Some respiratory pathogens evade the host immune system by multiplying within host cells. Chlamydia trachomatis, Chlamydia psittaci, Chlamydia pneumoniae, and all viruses replicate within host cells. They have evolved methods for being taken in by the “nonprofessional” phagocytic cells of the host to where they thrive within the intracellular environment. Once within these cells, the organism is protected from host humoral immune factors and other phagocytic cells. This protection lasts until the host cell becomes sufficiently damaged that the organism is then recognized as foreign by the host and is attacked. A second group of organisms that cause respiratory tract disease comprises organisms capable of survival within phagocytic host cells (usually macrophages). Once inside the phagocytic cell, these respiratory tract pathogens are able to multiply. Legionella, Pneumocystis jiroveci (Pneumocystis carinii), and Histoplasma capsulatum are some of the more common intracellular pathogens.
Mycobacterium tuberculosis is the classic representative of an intracellular pathogen. In primary tuberculosis, the organism is carried to an alveolus in a droplet nucleus, a tiny aerosol particle containing tubercle bacilli. Once phagocytized by alveolar macrophages, organisms are carried to the nearest lymph node, usually in the hilar or other mediastinal chains. In the lymph node, the organ isms slowly multiply within macrophages. Ultimately, M. tuberculosis destroys the macrophage and is subsequently taken up by other phagocytic cells.
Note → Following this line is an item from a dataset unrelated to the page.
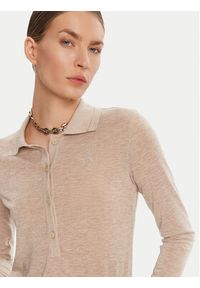 Patrizia Pepe Sweter 8K0320 K128 Beżowy Regular Fit. Kolor: beżowy. Materiał: syntetyk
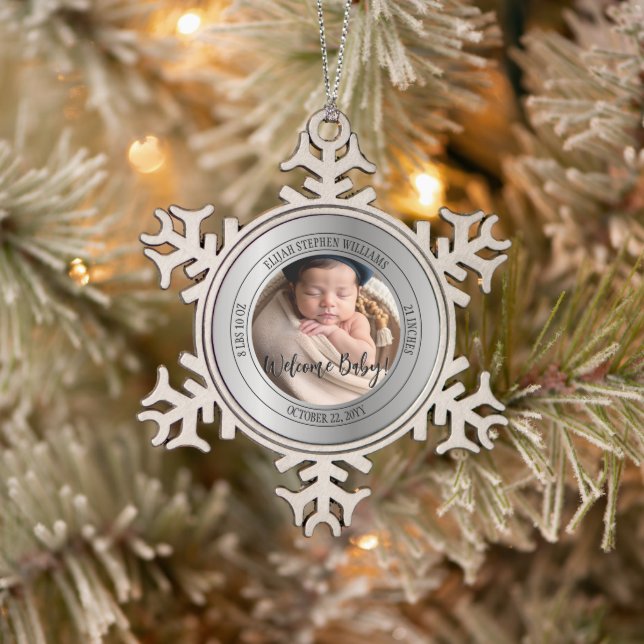 Welcome Baby Photo Birth Statistics Keepsake Snowflake Pewter Christmas Ornament (Tree)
Tubercle bacilli multiply to a critical mass within the protected environment of the macrophages, which are prevented from accomplishing phagosome-lysosome fusion capable of destroying the bacteria. Having reached a critical mass, the organisms spill out of the destroyed macrophages, through the lymphatics, and into the blood stream, producing mycobacteremia and carrying tubercle bacilli to many parts of the body. In most cases, the host immune system reacts sufficiently at this point to kill the bacilli; however, a small reservoir of live bacteria may be left in areas of normally high oxygen concentration, such as the apical (top) portion of the lung. These bacilli are walled off, and years later, an insult to the host, either immunologic or physical, may cause breakdown of the focus of latent tubercle bacilli, allowing active multiplication and disease (secondary tuberculosis). In certain patients with primary immune defects, the initial bacteremia seeds bacteria throughout a compromised host, leading to disseminated or miliary tuberculosis. Growth of the bacteria within host macrophages and histiocytes in the lung causes an influx of more effector cells, including lymphocytes, neutrophils, and histiocytes, eventually resulting in granuloma formation, then tissue destruction and cavity formation. The lesion consists of a semi solid, amorphous tissue mass resembling semisoft cheese, from which it received the name caseating necrosis (death of cells or tissues). The infection can extend into bronchioles and bronchi from which bacteria are disseminated via respiratory secretions and coughing. Aerosolized droplets are produced by coughing and contain organisms that are inhaled by the next susceptible host. Other portions of the patient’s lungs may become infected as well through aspiration (inhalation of a fluid or solid).